- Country: United States
- Language: English
- Genre: Short story

Publication
- Published in: Reedy's Mirror
- Publication type: Periodical
- Media type: Print (Magazine)
- Publication date: December 12, 1901

= Old Rogaum and His Theresa =

"Old Rogaum and His Theresa" is a short story written by Theodore Dreiser. It was originally published in Reedy's Mirror on December 12, 1901 under the title of "Butcher Rogaum's Door." It subsequently appeared in the 1918 volume Free and Other Stories. With this short story, Dreiser begins to move from allegory to realism dealing with issues including sexual behavior, city life, immigrant struggles, and the conflicts between children and their parents.

==Plot summary==
Rogaum is a German immigrant running a butcher shop in lower Manhattan, New York City. His daughter, Theresa, is almost eighteen. Attracted to the city lights and life she has taken to spending her time with her friend Myrtle. They secretly spend it with two boys, Connie and George, who are considered womanizers. Every night Rogaum calls Theresa home and reprimands her for being out so late.

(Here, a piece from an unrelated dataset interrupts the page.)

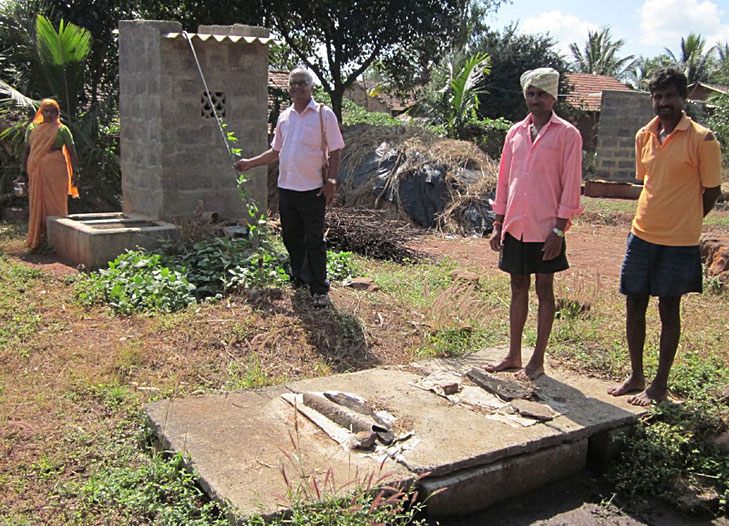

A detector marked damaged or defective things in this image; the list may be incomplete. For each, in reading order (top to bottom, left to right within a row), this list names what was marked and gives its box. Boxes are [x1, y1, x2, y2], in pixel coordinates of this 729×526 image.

She stays out later each night and Rogaum threatens to lock her out. One night he does, and refuses to let her in, intending to teach her a lesson. Instead of staying in the entrance all night, as expected, she goes back out with Connie.

Seeing Theresa leave by herself and not return, Roguam goes looking for her. Upon returning home without her, he finds a young woman lying at his door, who had drunk acid in order to kill herself. The police come, the girl is taken care of, and Rogaum and his wife tell them of their daughter’s disappearance. The police had seen her with Connie, which worries her father even more.

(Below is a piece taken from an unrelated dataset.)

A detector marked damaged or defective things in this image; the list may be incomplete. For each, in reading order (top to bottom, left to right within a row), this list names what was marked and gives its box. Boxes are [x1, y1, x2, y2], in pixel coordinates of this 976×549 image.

The two police officers, Maguire and Delahanty, investigate the woman's death, knowing she came from Adele's, a nearby whorehouse. They discover that she, too, had been locked out of her parents' house, starting her down that road.

The police find Theresa and Connie and take them to the station. Old Rogaum comes down to get her, enraged at Connie but delighted to have his daughter back.

==Character background==
The characters in "Old Rogaum and His Theresa" are created in resemblance of Dreiser's family. John Paul Dreiser, Theodore Dreiser's father, was a German immigrant and the model for old Rogaum. Theresa's love of the city matches Theodore's love and experiences of a large city. The experience of Theresa going off with the young man Almerting is the same as Theodore's sisters', Sylvia and Emma, when they went off with some young men in Warsaw, Indiana. Even old Rogaum's threat of locking Theresa out was the same as John Paul threatening to lock out Emma and Sylvia.

==Major themes==
A major theme in this story is the relationship between parents and their children, in a context of culture conflict between first and second generation immigrants.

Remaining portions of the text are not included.